L’incompréhension des syndicats
Même si le journal reste bénéficiaire selon les syndicats, avec un résultat positif attendu entre 300 000 et 400 000 euros en 2024, ceux-ci dénoncent un plan disproportionné et craignent pour la qualité du titre.
On ne s’attendait pas à un PSE si tôt, et surtout pas d’une telle ampleur
Jeanne Demilly, secrétaire du CSE et élue SNJ
Réunis en assemblée générale, les salariés ont voté à l’unanimité une motion de défiance à l’égard de leur direction. Des contre-propositions devraient être faites pour tenter de limiter les suppressions de postes.
La direction assume un choix stratégique
Face aux critiques, la direction assume un « choix stratégique » visant à pérenniser le journal en se séparant de services jugés non essentiels. Ainsi, la suppression du pôle édition s’explique selon le directeur général :
Tous les médias qui sont nos concurrents fonctionnent sans service d’éditing et ils nous prennent des parts de marché. Les éditeurs ont une fonction très importante au sein de notre journal mais nous n’avons pas forcément les moyens de les maintenir.
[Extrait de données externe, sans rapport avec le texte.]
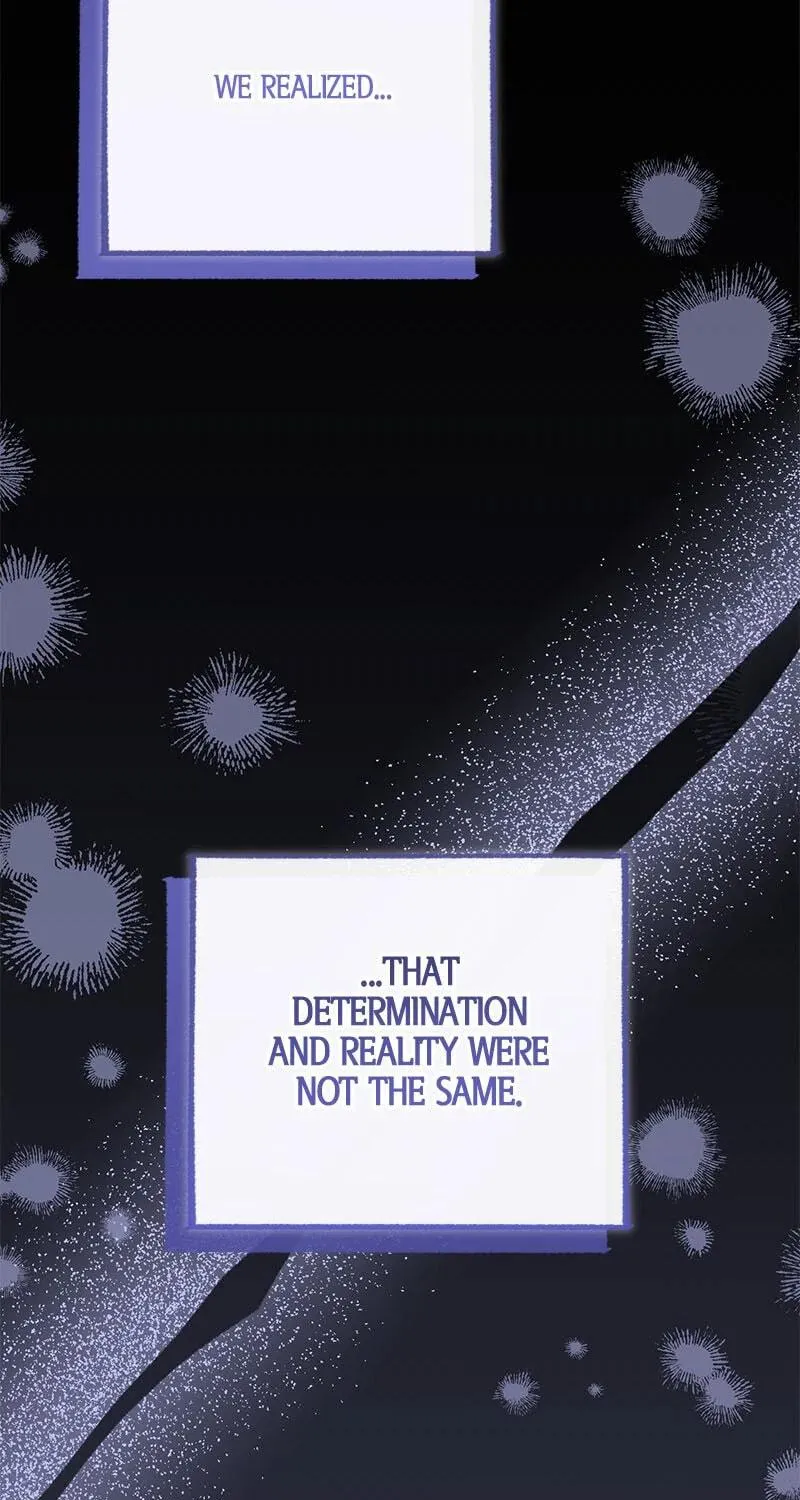 The Murdered Princess Got a Job as a Treasonous Agent Chapter 35 page 140 - 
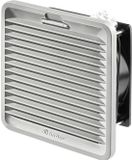 Finder 7F.30.8.230.3100 Filterventilatie 120 V/AC, 230 V/AC 29 W 1 stuk(s)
David Guévart, directeur général du Courrier Picard
Une façon pour le titre d’« orienter les moyens de l’entreprise sur le journalisme de terrain » mais qui ne convainc pas en interne où l’on s’inquiète des conséquences sur la qualité du journal et les conditions de travail des équipes.
Un symptôme de la crise de la presse quotidienne régionale
Au-delà du cas du Courrier Picard, c’est tout le secteur de la presse quotidienne régionale qui souffre. Avec des ventes papier en chute libre et des revenus publicitaires qui peinent à se reporter sur le digital, de nombreux titres sont contraints de se restructurer.
Certains s’en sortent mieux que d’autres, en misant notamment sur le développement des abonnements numériques et des offres premium. Mais globalement, le secteur joue sa survie, tiraillé entre le maintien d’une présence locale forte et la nécessité de réduire les coûts.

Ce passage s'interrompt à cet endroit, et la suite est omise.